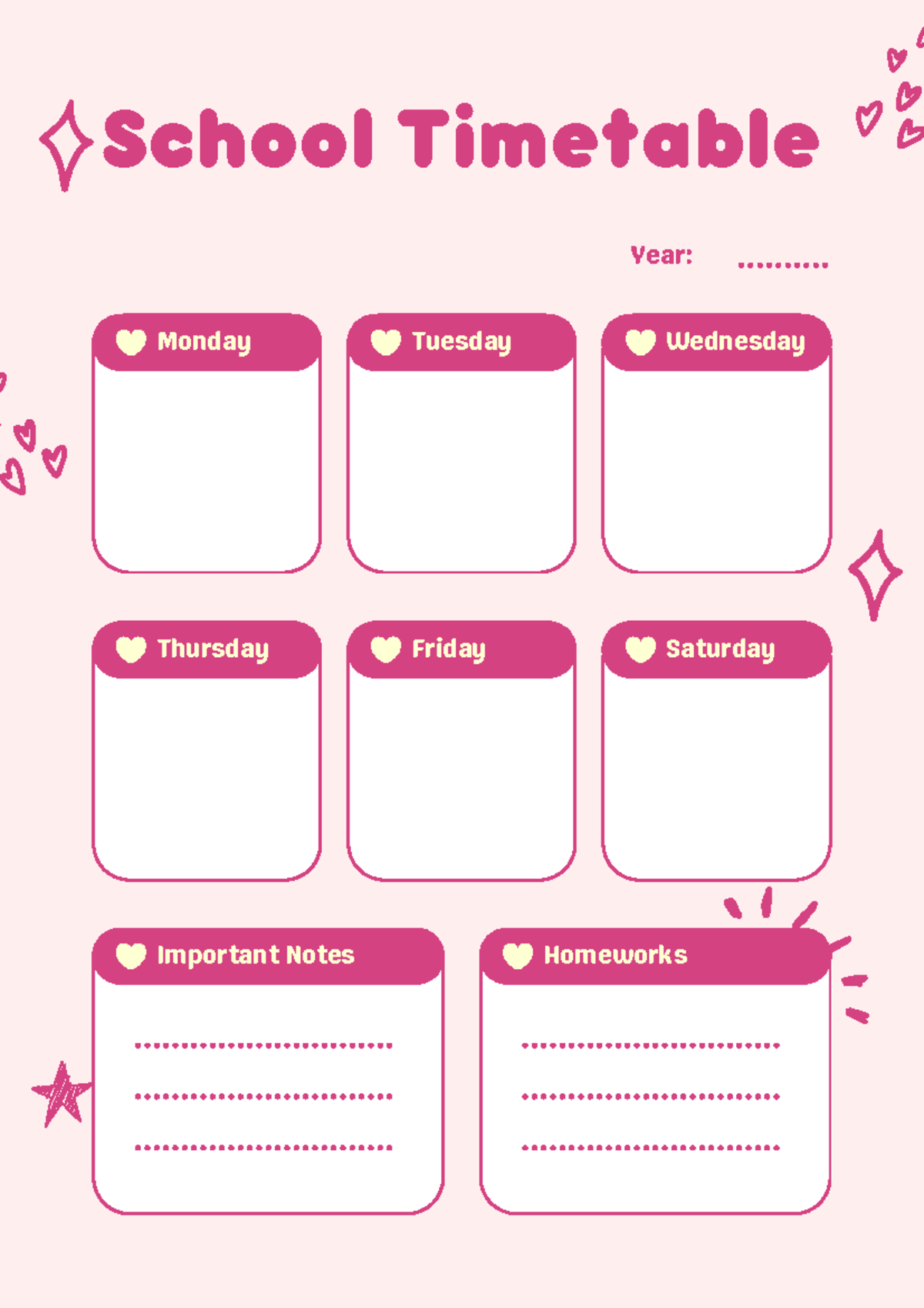 Pink Beige Playful Doodle School Timetable - Film And Video Documentary ...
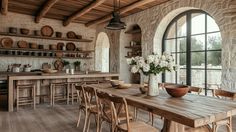 a rustic kitchen with an arched window and wooden table surrounded by chairs in front of it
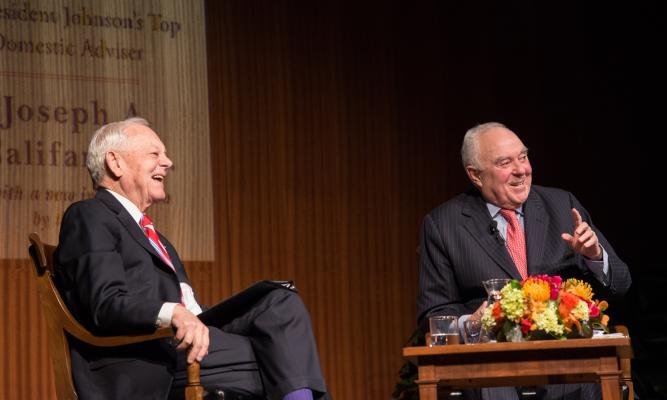 Bob Schieffer and Joseph Califano, Jr. LBJ Library photo by Jay Godwin.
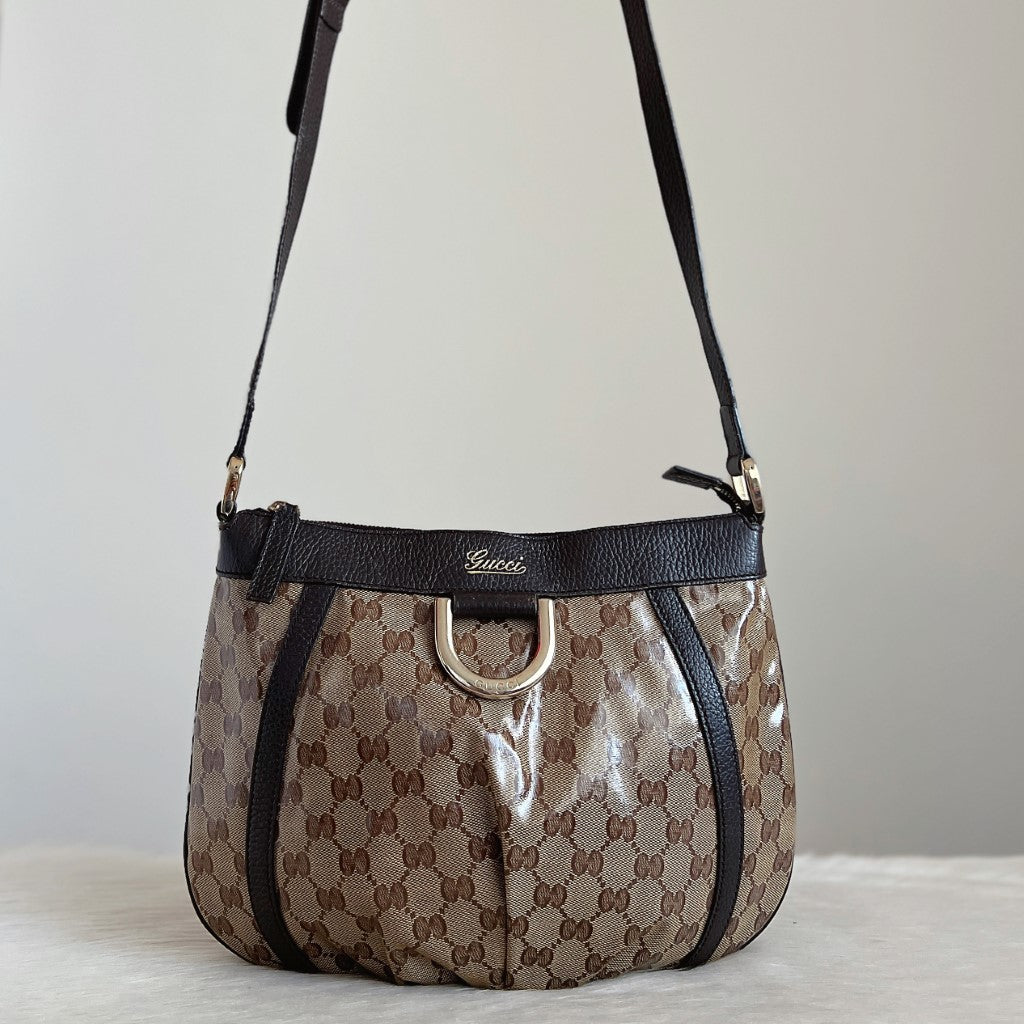 Gucci Dark Chocolate Leather Front Ring Monogram Crossbody Shoulder Bag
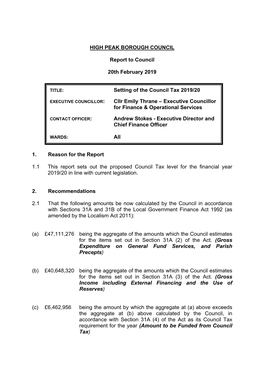 Council Tax Setting 2019-20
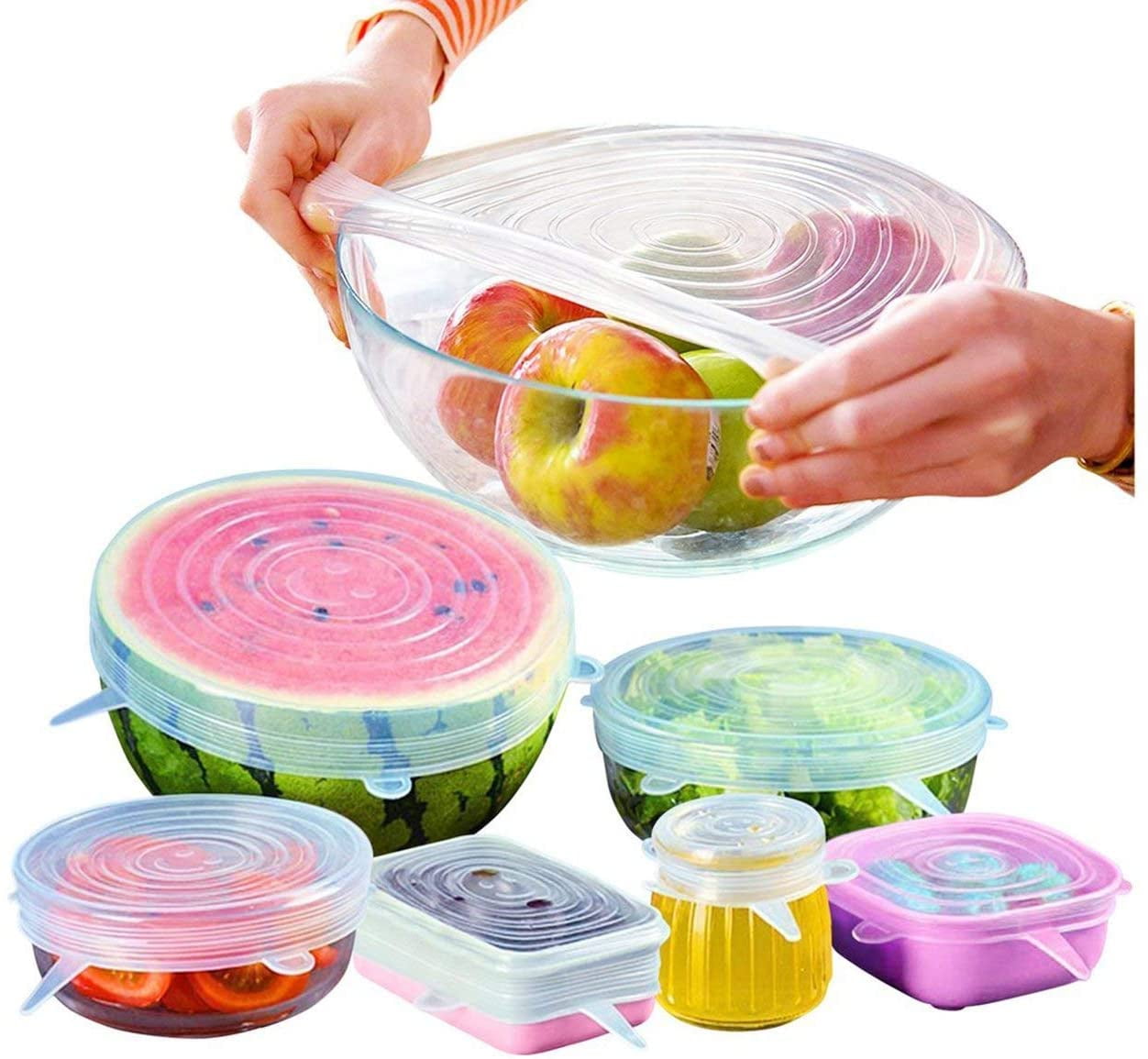 Silicone Stretch Lids 6-Pack Various Sizes fit snugly over Bowl-Cam-Cup-Jar-Mug 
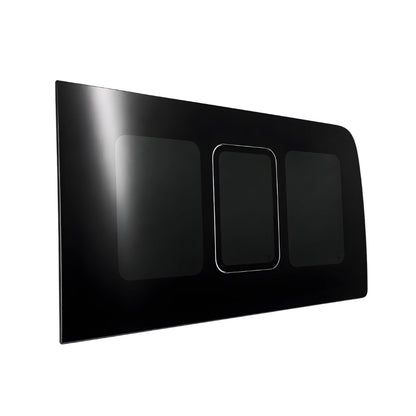 Side view of Glacier View Sprinter rear driver flush window showing factory-style seamless exterior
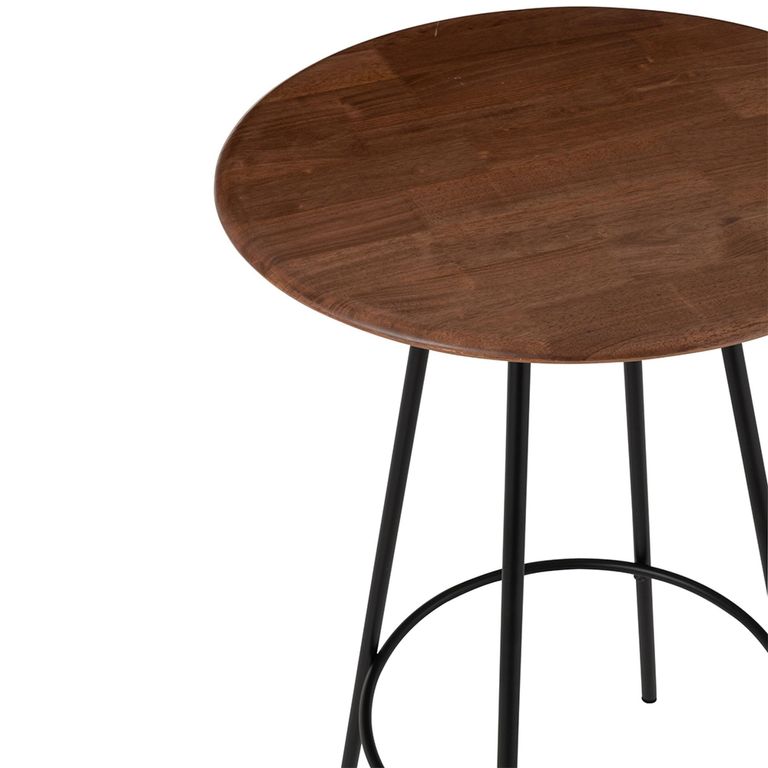Neo Bar Table - Round - Natural and Black - Rubber Wood and Metal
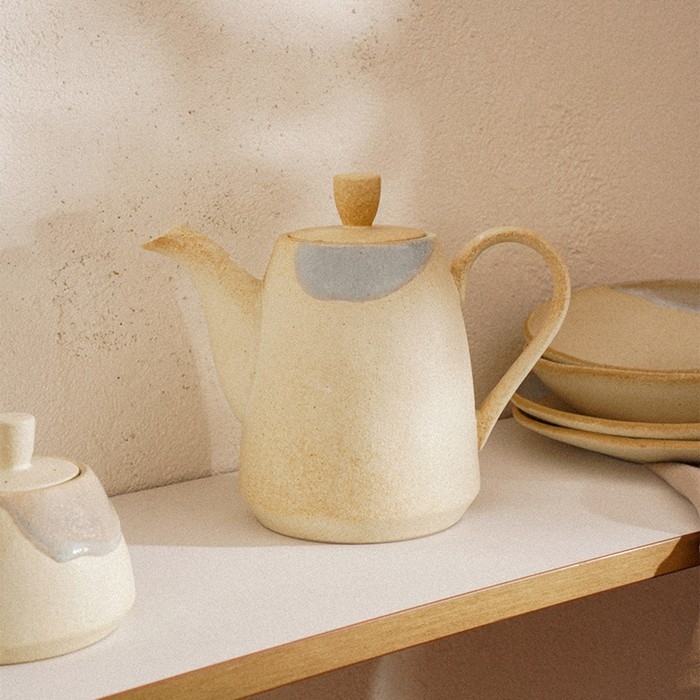 Чайник заварочный фарфоровый SL Home &laquo;Волны Сардинии&raquo;, 1,3 л, 23&times;12,5&times;18,4 см, цвет бежевый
· · ·
• _TASK DIRECTIONS_
The required output is an exact copy of the lines from the one with "Neo Bar Table" through the final line of the data above, with pictures removed.

• _OUTPUT_
Neo Bar Table - Round - Natural and Black - Rubber Wood and Metal
 Чайник заварочный фарфоровый SL Home &laquo;Волны Сардинии&raquo;, 1,3 л, 23&times;12,5&times;18,4 см, цвет бежевый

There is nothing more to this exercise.